What is expected — For the listing that follows, give again exactly the lines from the one with "мехенди на руке" to the one with "Сытное жаркое с говядиной и фасолью", including both.

Material provided —
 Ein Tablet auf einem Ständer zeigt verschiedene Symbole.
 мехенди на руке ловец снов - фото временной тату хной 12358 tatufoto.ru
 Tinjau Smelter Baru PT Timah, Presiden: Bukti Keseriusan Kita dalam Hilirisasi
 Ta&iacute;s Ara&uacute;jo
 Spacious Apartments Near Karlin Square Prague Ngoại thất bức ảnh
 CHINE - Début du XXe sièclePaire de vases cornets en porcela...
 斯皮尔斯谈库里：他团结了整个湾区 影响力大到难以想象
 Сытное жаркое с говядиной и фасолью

---

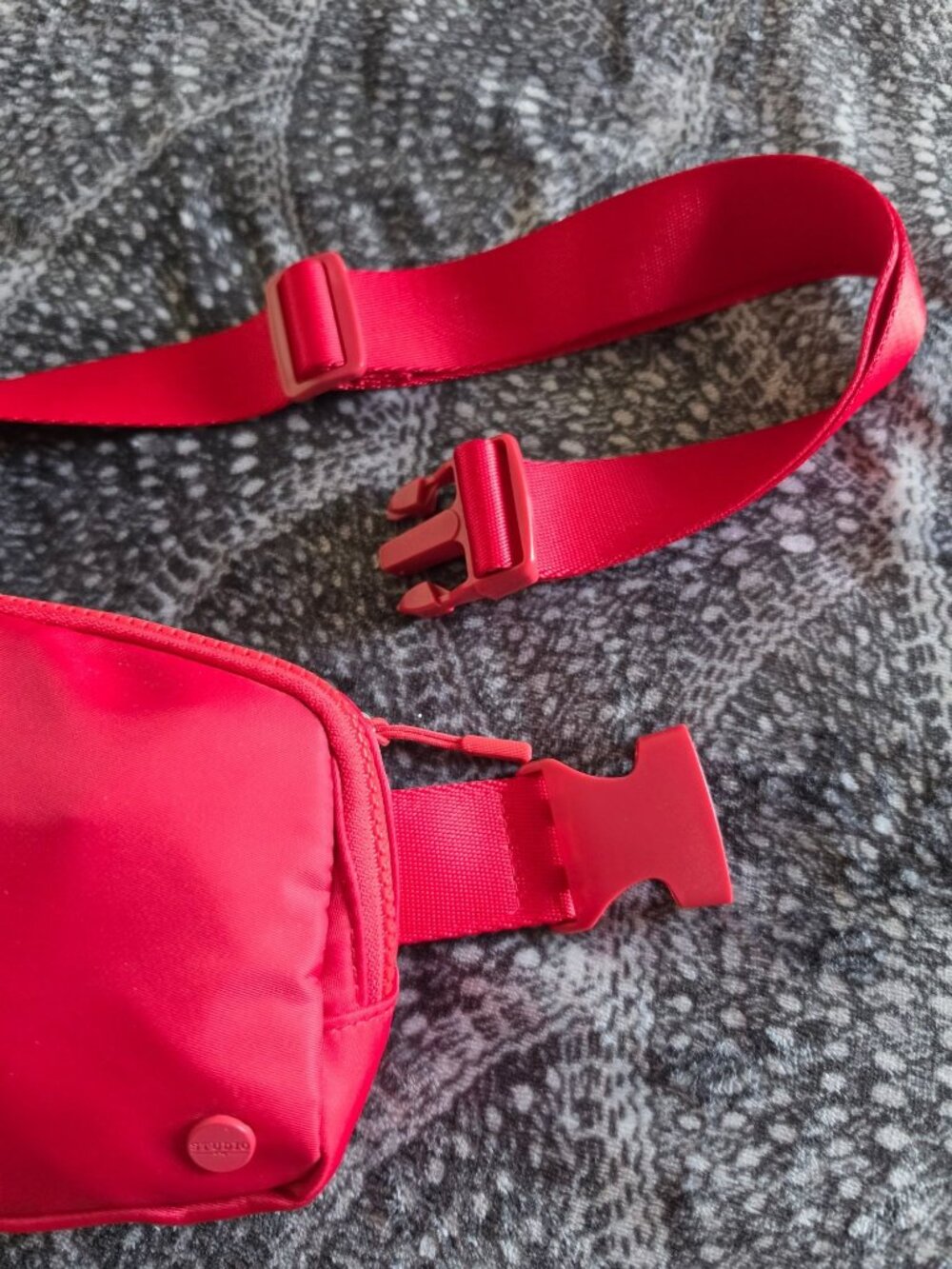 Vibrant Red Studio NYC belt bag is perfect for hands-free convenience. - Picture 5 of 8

Response for this exercise —
 мехенди на руке ловец снов - фото временной тату хной 12358 tatufoto.ru
 Tinjau Smelter Baru PT Timah, Presiden: Bukti Keseriusan Kita dalam Hilirisasi
 Ta&iacute;s Ara&uacute;jo
 Spacious Apartments Near Karlin Square Prague Ngoại thất bức ảnh
 CHINE - Début du XXe sièclePaire de vases cornets en porcela...
 斯皮尔斯谈库里：他团结了整个湾区 影响力大到难以想象
 Сытное жаркое с говядиной и фасолью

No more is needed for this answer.